Quote from scriabinop23:
The company is in default in some of its debt, the earnings are nowhere to be found, and those PE numbers are trailing. Once this company has to write down book value on excessive inventories, give real guidance as to significantly reduced future earnings, mid 20s (2003 levels) isn't unrealistic considering how this market likes to beat up anything under expectations. Remember the housing market was still booming in 2003 - so this isn't unrealistic. Also - just because its consolidated above 40 and stabilized doesn't mean we're not ready for another leg down.
Its amazing the homebuilders have done so well up to this point - its a testimony of the blind optimism the market has for these companies.
I'd like weakest of weakest sectors going forward. My bet is that we're just at the beginning of a long cycle of housing price correction. Home builders are already leading the pricing of market down with massive price drops to move inventory, which has recently been successful (according to many reports). But with increased commodity costs, increased building costs (labor, materials, land costs) there will be significantly declining margins on anything new built.
My arguments for RIMM or GOOG aren't as substantial. Therefore weaker hands.

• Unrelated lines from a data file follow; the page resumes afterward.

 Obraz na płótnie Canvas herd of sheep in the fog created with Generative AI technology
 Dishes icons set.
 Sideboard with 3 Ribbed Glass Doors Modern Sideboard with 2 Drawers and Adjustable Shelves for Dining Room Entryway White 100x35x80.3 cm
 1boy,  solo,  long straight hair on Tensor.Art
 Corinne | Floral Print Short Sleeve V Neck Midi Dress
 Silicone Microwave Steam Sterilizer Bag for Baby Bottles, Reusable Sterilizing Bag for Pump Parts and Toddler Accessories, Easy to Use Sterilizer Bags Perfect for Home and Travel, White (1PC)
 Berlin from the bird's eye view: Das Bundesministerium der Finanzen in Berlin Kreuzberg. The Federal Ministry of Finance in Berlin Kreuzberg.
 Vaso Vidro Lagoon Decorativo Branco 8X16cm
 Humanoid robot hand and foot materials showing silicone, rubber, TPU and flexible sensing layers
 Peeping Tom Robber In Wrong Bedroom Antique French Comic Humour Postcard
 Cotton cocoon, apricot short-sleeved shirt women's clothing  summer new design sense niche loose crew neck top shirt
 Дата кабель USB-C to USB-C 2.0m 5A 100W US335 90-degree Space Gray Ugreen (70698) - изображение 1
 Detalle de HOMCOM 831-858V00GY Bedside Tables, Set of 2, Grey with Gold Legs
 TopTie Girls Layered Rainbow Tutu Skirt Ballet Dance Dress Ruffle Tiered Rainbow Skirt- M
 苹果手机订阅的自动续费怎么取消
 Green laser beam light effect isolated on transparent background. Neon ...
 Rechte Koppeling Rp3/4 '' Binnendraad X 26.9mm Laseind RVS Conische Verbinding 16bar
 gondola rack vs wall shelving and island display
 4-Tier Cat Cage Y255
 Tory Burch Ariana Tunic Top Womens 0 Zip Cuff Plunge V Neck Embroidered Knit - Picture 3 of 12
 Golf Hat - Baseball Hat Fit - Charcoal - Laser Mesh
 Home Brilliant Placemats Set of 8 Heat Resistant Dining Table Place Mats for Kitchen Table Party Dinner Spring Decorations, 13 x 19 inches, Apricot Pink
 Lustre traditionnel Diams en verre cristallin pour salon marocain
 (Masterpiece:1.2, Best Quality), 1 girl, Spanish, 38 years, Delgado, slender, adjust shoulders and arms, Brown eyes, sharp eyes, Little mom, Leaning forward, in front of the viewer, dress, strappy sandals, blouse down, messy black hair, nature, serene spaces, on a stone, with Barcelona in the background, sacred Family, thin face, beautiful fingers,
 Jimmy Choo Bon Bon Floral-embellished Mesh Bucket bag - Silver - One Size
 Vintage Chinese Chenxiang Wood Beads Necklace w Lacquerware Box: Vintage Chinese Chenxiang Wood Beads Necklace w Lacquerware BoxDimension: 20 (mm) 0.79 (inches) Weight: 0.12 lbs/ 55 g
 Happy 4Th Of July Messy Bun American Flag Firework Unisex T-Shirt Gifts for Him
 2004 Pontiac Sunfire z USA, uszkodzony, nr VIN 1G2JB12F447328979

CAL is a play on oil actually - it may be a little early though. My thought is a resurgence of oil prices will kill the rally (from 23) its had. This thing likes to run up seasonally (holidays). And rallies (goog and rimm) can't continue forever (although sometimes it seems like they do).
All of these shorts (and longs in my portfolio) boil down to one thing (for me): fundamental economic bets. I'm betting on continued commodity bull, US economic slowdown, and housing collapse.